Using a brace can sometimes cause skin problems. Pressure from the device can cause irritation, redness, or sores, especially if it does not fit well. Nerve damage that causes foot drop can sometimes weaken other muscles in the leg. This may lead to reduced movement and make daily activities, such as climbing stairs or walking long distances, more difficult. The table below shows some possible complications and their common causes:
| Complication | Possible Cause |
|---|---|
| Falls and injuries | Weak foot lift, tripping on uneven ground. |
| Joint pain | Altered gait and muscle overuse. |
| Skin irritation | Ill-fitting brace or prolonged device use. |
| Reduced mobility | Progression of underlying nerve or muscle damage. |
When to Seek Medical Attention
See a doctor if you notice difficulty lifting the front of your foot or drag your toes when walking. Muscle weakness or nerve problems can cause these symptoms and need prompt evaluation.
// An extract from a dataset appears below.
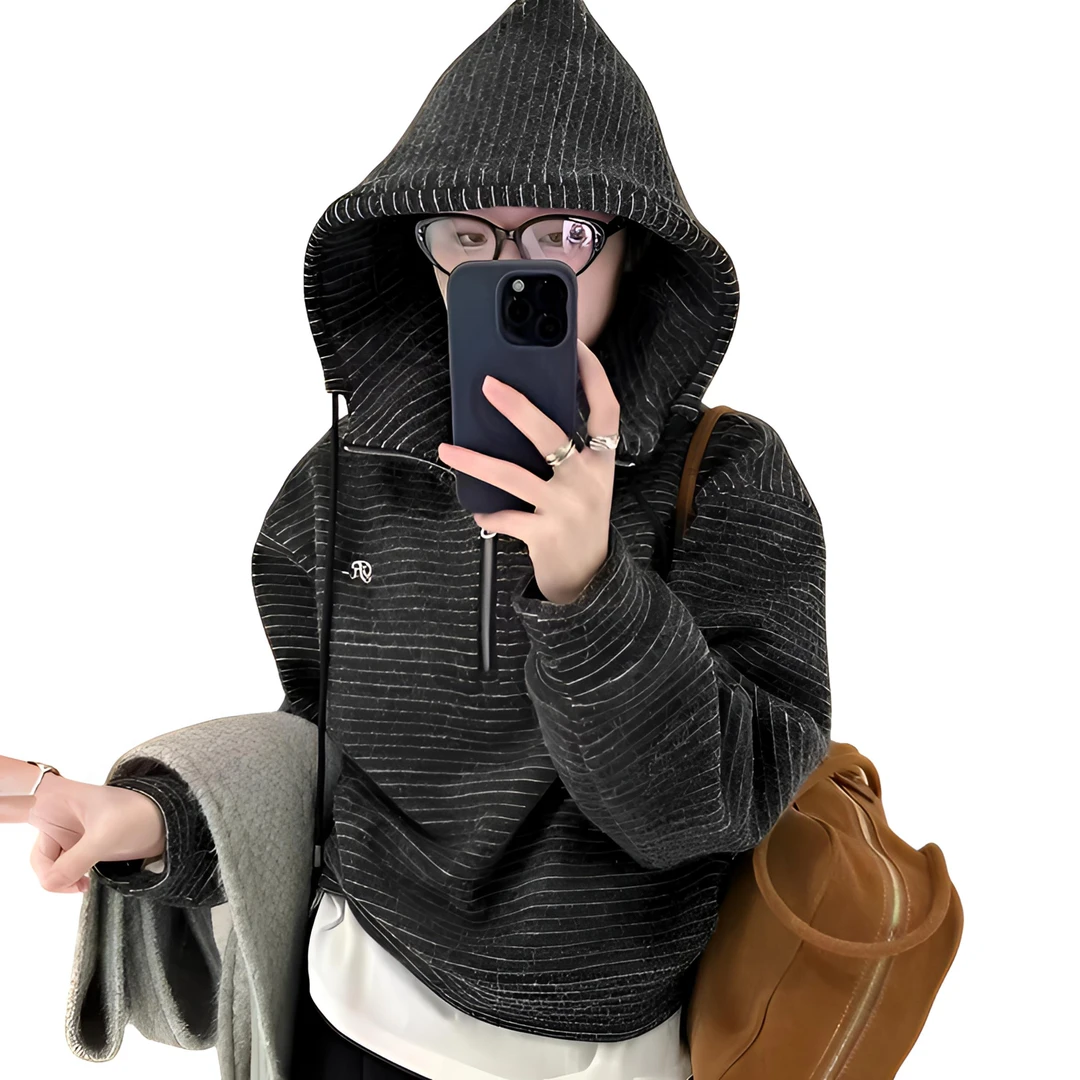 韩韵小爱优选 韩国东门2025春季新款超软兔毛绒连帽条纹卫衣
Get medical help if foot drop develops suddenly, especially after an injury or without a clear cause. Sudden onset may signal nerve damage, stroke, or other serious conditions. Seek care right away if foot drop occurs with any of the following:
- Numbness or tingling in the leg or foot.
- Weakness in other parts of the body.
- Severe or worsening pain.
- Loss of bladder or bowel control.
If symptoms get worse over days or weeks, this may point to an underlying problem that needs treatment to prevent further loss of function. A healthcare provider can run tests to find the cause, such as nerve checks, scans, or blood tests.
Early diagnosis helps improve the chances of managing or reversing the problem. Even temporary or mild foot drop should be checked if it affects walking or balance. This lowers the risk of falls and other problems.